Between last year’s unprecedented drought and large wildfires, Texas timber took a tumble, but it only recently became clear just how many trees were affected: The Texas A&M Forest Service recently announced that approximately 301 million trees had died as a result of the severe weather.

The study states that prior to the drought Texas had roughly 4.8 billion trees. The loss of 300 million trees amounts to a 6.2 percent reduction statewide. 

The Brazos Valley region–which lies between Austin and Houston and includes Bastrop County, the area devastated by a wildfire that ignited around Labor Day 2011–experienced a 9.7 percent loss, the highest in the state.

The Forest Service’s study is the result of three months of on-the-ground assessments of forest plots scattered across the state and comparison of satellite images taken before and after the drought.

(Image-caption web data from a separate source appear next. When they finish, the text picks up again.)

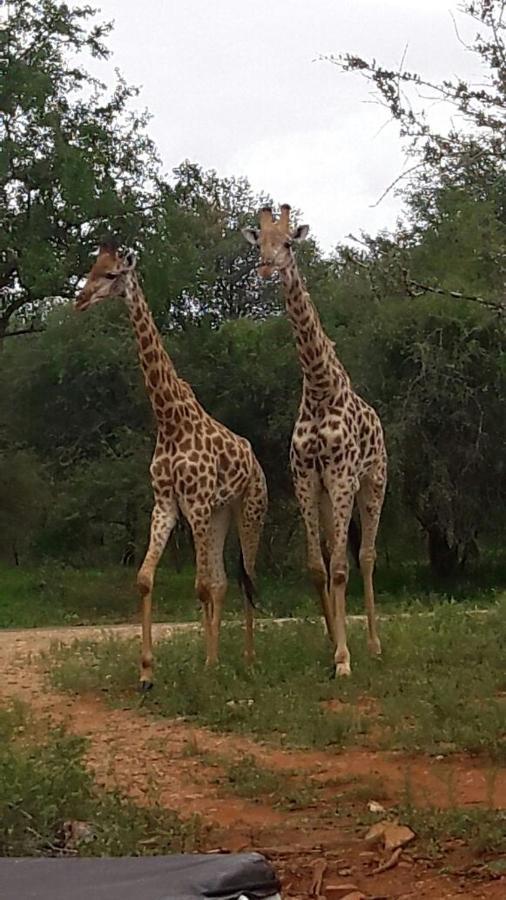 Matumi Self Catering Marloth Park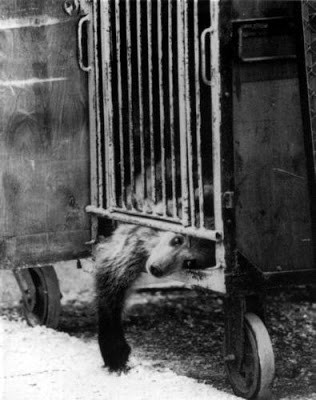 эксперимент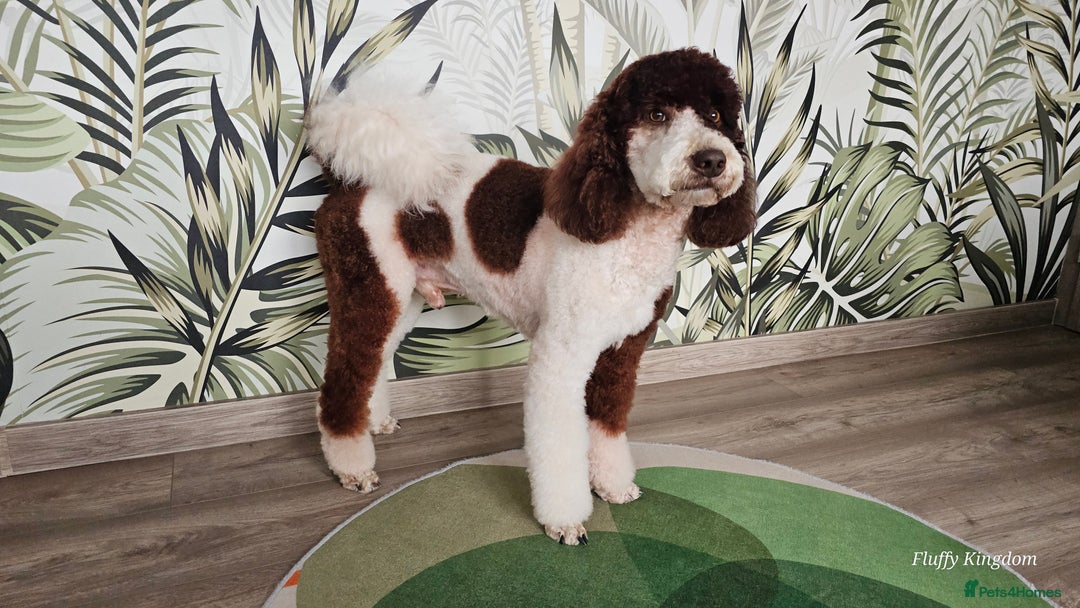 Labradoodle dogs for stud: FULLY HEALTH TESTED MOYEN POODLE STUD! in Kettering - Image 18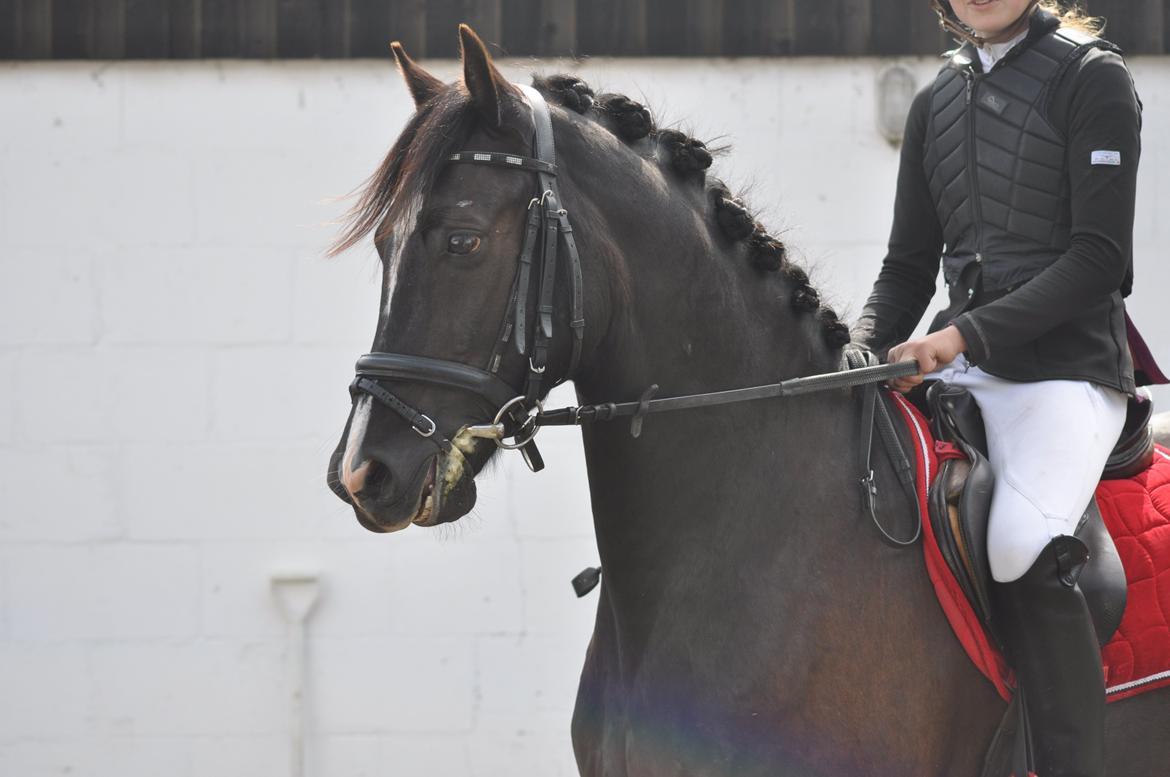 Welsh Cob (sec D) Låddenshøj Armarni  (solgt) billede 17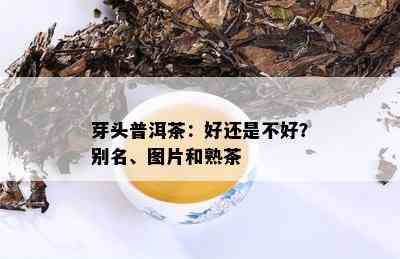 芽头普洱茶：好还是不好？别名、图片和熟茶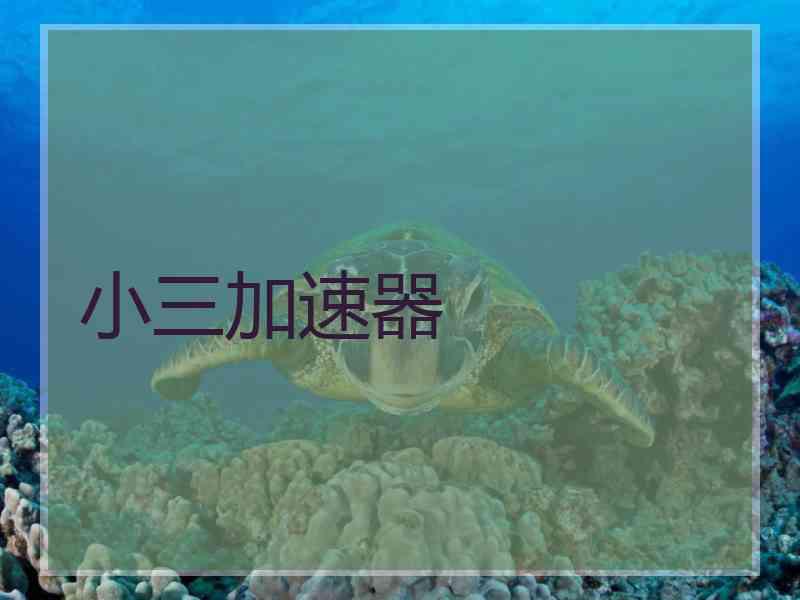 小三加速器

To put the death toll into perspective, TM Daily Post spoke with Chris Edgar, forest service analyst at the Texas A&M Forest Service. Edgar said trees in East Texas typically endure a death rate of less than a one percent, but that number swelled to 4.2 percent in 2011. Data for East Texas is the most accurate as the Forest Service has conducted its forest inventory and analysis there the longest said Edgar.

“That number fluctuates,” said Edgar. “There are large pulses of mortality with hurricanes and other natural events.”

In a year like 2006, when there were no abnormal weather fluctuations or devastating hurricanes to account for, East Texas lost 0.7 percent of its trees. The loss of 6.2 percent across Texas in 2011 is a dramatic increase.

“The drought produced traumatic results, especially for individual landowners,” Burl Carraway, department head for the Texas A&M Forest Service Sustainable Forestry, said in the department’s report.

But Carraway remained optimistic about the future of Texas trees: “The good news is the forest is resilient. When a dead tree falls over, a young, new tree eventually will grow back in its place,” said Carraway. “Tree death is a natural forest process. We just had more last year than previous years.”

Steve Houser, the chair of Dallas’ Urban Forest Advisory Committee, told the Dallas Observer, “The effects of drought and heat last year won’t fully be known for five to 10 years,” he said.

Houser believes the lack of water in 2011 could have caused long-term damage to the root systems of Texas trees, and the resulting damage can not be accurately predicted as of now.